I Racconti dell’ultima Cena (dove Gesù – secondo il nostro linguaggio teologico – istituisce l’Eucarestia, hanno chiaramente presente il linguaggio di questa ritualità. I Racconti sono una “Nuova Alleanza”, ma hanno perso completamente l’idea di “sacrificio” a Dio, cioè Gesù non ha offerto a Dio il suo sangue! Prendete (voi!!!), questo è il mio Corpo… Questo è il mio sangue dell’Alleanza versato per voi. Non si tratta del sangue versato un po’ sull’altare (cioè a Dio) e un po’ sul popolo.  Purtroppo nelle nostre anafore (cioè nel Racconto della Cena) viviamo l’impressione di una regressione all’Antico Testamento.

Qualche volta, proprio per comprendere quello che Gesù ha fatto e detto e la prima Chiesa ha colto e cercato di tramandare, anche noi prima di proclamare Annunciamo… potremmo proclamare: Quello che Tu hai detto noi faremo e ascolteremo.  A quel punto, andiamo a mangiare per dire che accettiamo in tutto quello che quella Persona ha fatto e ha detto – cioè la sua Vita – e la nostra vita sarà vissuta come memoriale della sua, sarà trasparenza della sua.

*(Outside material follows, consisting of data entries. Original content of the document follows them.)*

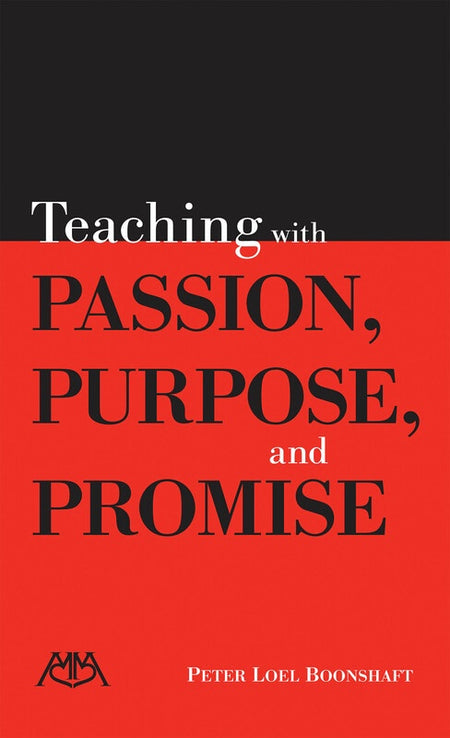 TEACHING WITH PASSION PURPOSE AND PROMISE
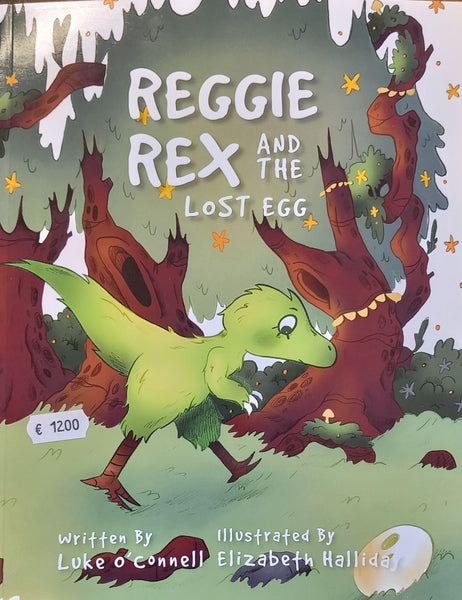 Reggie Rex and the Lost Egg (Luke O Connell)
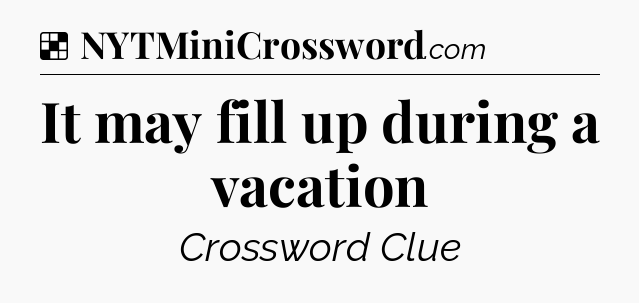 Solution: It may fill up during a vacation - NYT Crossword
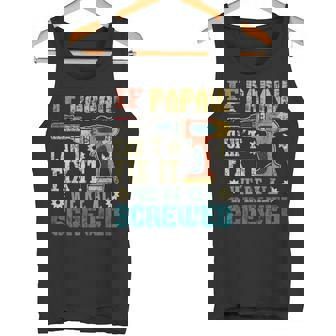 If Papaw Can't Fix It We'Re All Screwed Tank Top - Monsterry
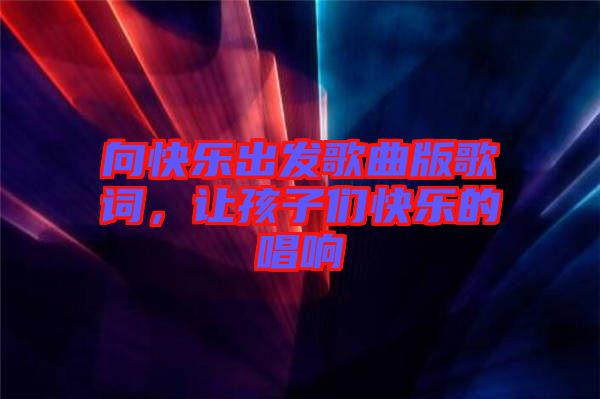 向快樂出發歌曲版歌詞，讓孩子們快樂的唱響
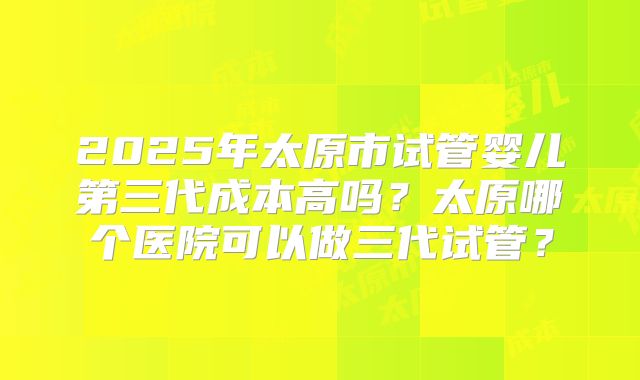 2025年太原市试管婴儿第三代成本高吗?太原哪个医院可以做三代试管?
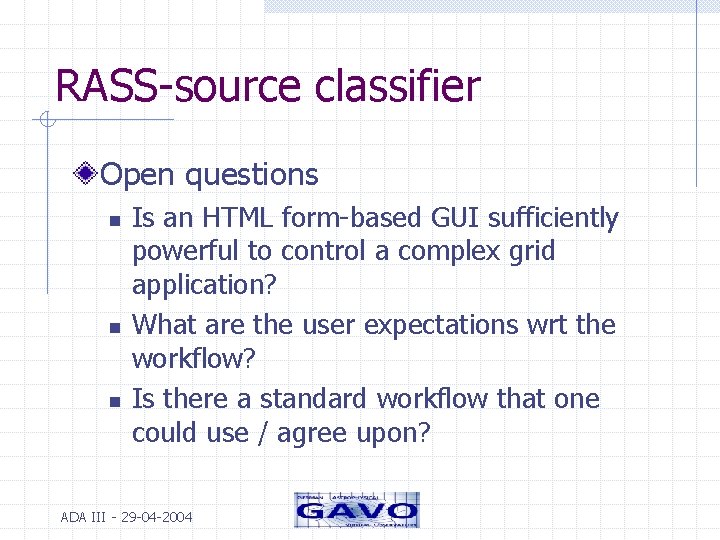 RASS-source classifier Open questions n n n Is an HTML form-based GUI sufficiently powerful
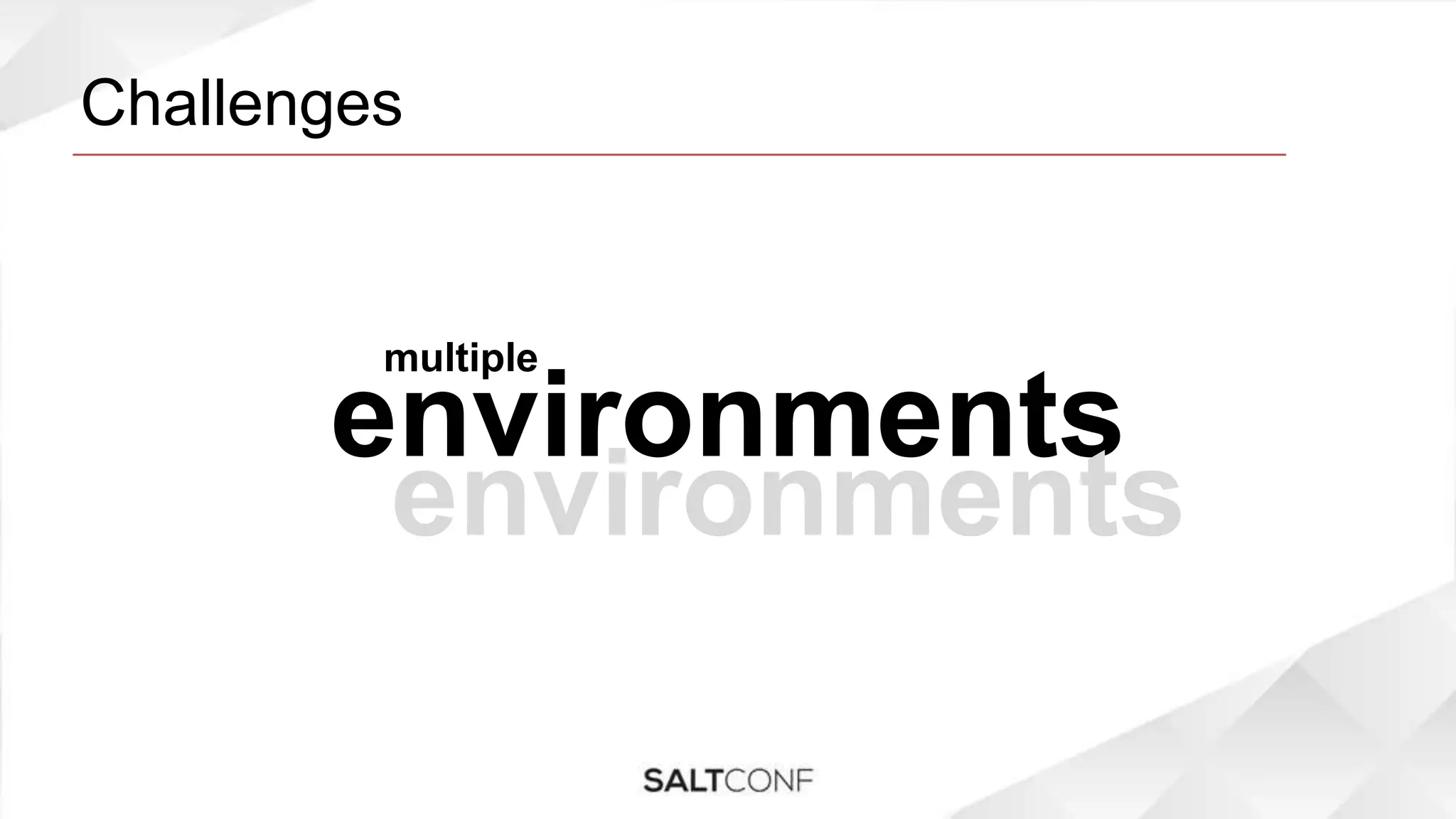 Challenges
environments
multiple
environments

DUE PISTE DI CONTEMPLAZIONE

  1. Il contesto: Gesù ha appena parlato del tradimento dei suoi; di lì a poco tutti lo avrebbero abbandonato al suo destino: la condanna e la morte di croce. Proprio in questo contesto, anticipa tutto l’evento, anticipa la propria morte, la rende presente nel pane spezzato, nel vino versato (espressioni che bene indicano il morire violento) e la trasforma in dono di alleanza per tutti. Questa è la vera trasformazione, la vera transustanziazione: la trasformazione della morte ingiustamente subita in istituzione di alleanza, in dinamismo di comunione; un capovolgimento completo, perché di per sé la morte è esattamente l’inverso di un mezzo per stabilire l’alleanza!!! Nell’Antico Testamento la morte rappresenta la rottura di ogni relazione, anche con Dio: la morte era castigo del peccato, ultima conseguenza del peccato e grado estremo di rottura tra la persona umana e Dio (Nessuno tra i morti ti ricorda, Sal 6,6; dei morti tu non hai alcun ricordo, Sal 115, 17). Questo era ancor più radicale quando si trattava di una morte violenta. Se poi la condanna era per la violazione della legge di Mosè, la condanna significava maledizione da parte di Dio. Bene: proprio questo elemento di estrema rottura è fondamento dell’impegno di Dio (questo significa alleanza) nei confronti dell’uomo. Veramente: senza il suo “contesto” non possiamo comprendere!
  1. Mosè prese il libro dell’alleanza e lo lesse alla presenza del popolo. Dissero: «Quanto il Signore ha detto, lo eseguiremo e vi presteremo ascolto». Ma Israele cadrà immediatamente; l'alleanza celebrata al cap. 24, quaranta giorni dopo è già rotta e nella maniera più assoluta con l'episodio del vitello d'oro. L'alleanza tra Dio e l'uomo rimane solo in forza del perdono. Il nome stesso di Dio è "misericordia". E’ un’alleanza esigente (Dio colpisce fino alla seconda e alla terza generazione) ... ma perdona per mille generazioni: sta in piedi perché Dio si impegna. Proprio come nel Racconto della Cena: l’Alleanza è rotta (almeno da parte di Giuda e di Pietro) prima ancora di essere stipulata!!!:

BeERIT

L’ Alleanza è generalmente accompagnata da una cerimonia; in Es 24 è accompagnata da sacrifici.  Qui però le vittime non sono squarciate ma se ne usa soltanto il sangue. Mosè divide il sangue degli animali sacrificati in due parti: ne sparge una sull’altare e una sul popolo. E’, insomma, una cerimonia cruenta di conclusione di una alleanza. Altro atto cerimoniale che corrobora l’alleanza è un banchetto solenne. Marco sembra narrare il cerimoniale della alleanza (diatseke) adottando in pieno il linguaggio della alleanza sinaitica. Qui la parola assume massima importanza in quanto è messa in bocca a Gesù: Marco ha designato il vino (rosso) del calice come suo sangue della diatseke. Qui il termine ha il significato di “disposizione, statuto”: il nuovo statuto divino prende vita dalla sua cruenta morte che il calice della cena rende presente: “nuova alleanza” è come dire “regalità di Dio”. Cioè: Dio è Signore assoluto dell’era della salvezza, dell’era messianica. Stesso linguaggio, dunque; il senso è tutt’altro! Le nostre anafore abbondano un po’ troppo della parola “sacrificio”?  Certo non aiutano ad entrare nel DONO!


[1] Queste riflessioni sono state offerte da M.T. Filtri che qualche anno fa ha guidato il gruppo che ha studiato e approfondito il libro dell’Esodo.